**Task requirements**
With pictures left out, copy exactly every line from the one containing "LA BODY LOUNGE" through the end of the material.

**Data block**
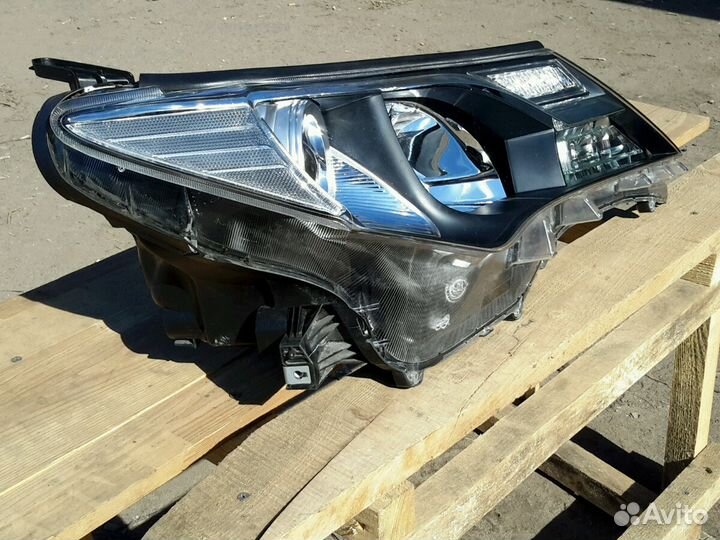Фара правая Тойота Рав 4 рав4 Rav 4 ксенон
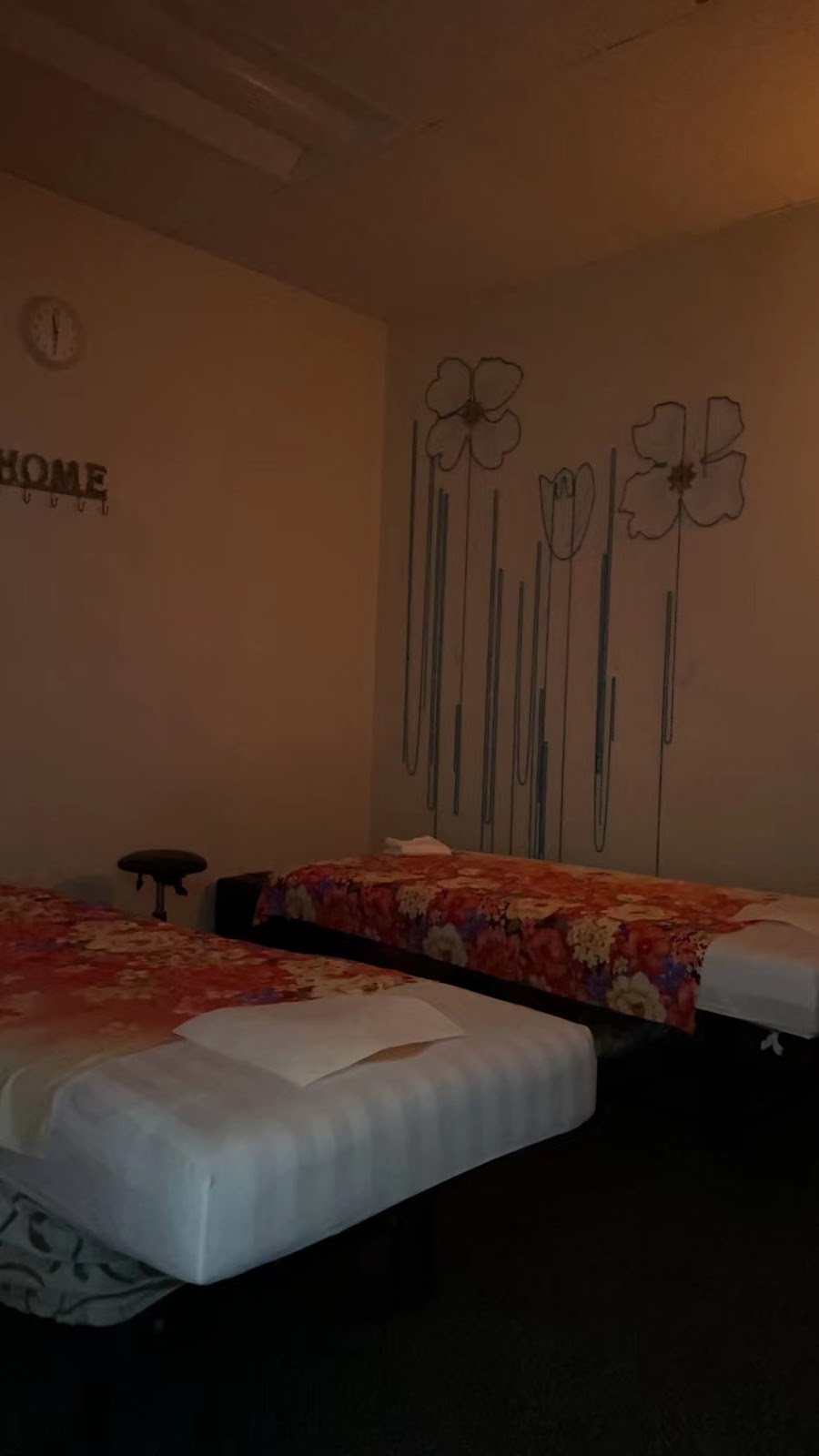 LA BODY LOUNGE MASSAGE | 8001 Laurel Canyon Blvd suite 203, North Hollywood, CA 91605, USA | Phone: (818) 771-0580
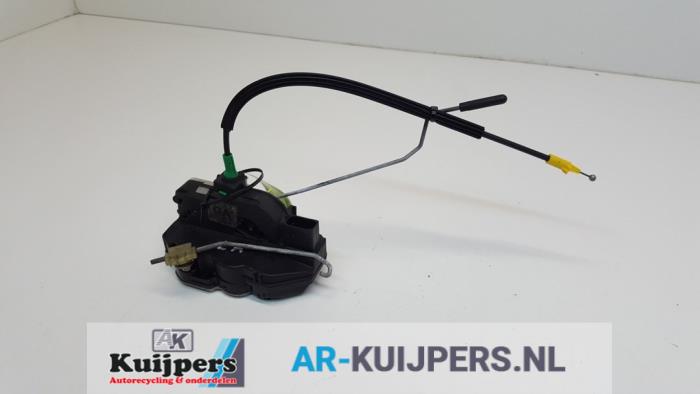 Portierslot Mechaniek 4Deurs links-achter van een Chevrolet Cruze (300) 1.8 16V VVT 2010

**Result below**
 LA BODY LOUNGE MASSAGE | 8001 Laurel Canyon Blvd suite 203, North Hollywood, CA 91605, USA | Phone: (818) 771-0580
 Portierslot Mechaniek 4Deurs links-achter van een Chevrolet Cruze (300) 1.8 16V VVT 2010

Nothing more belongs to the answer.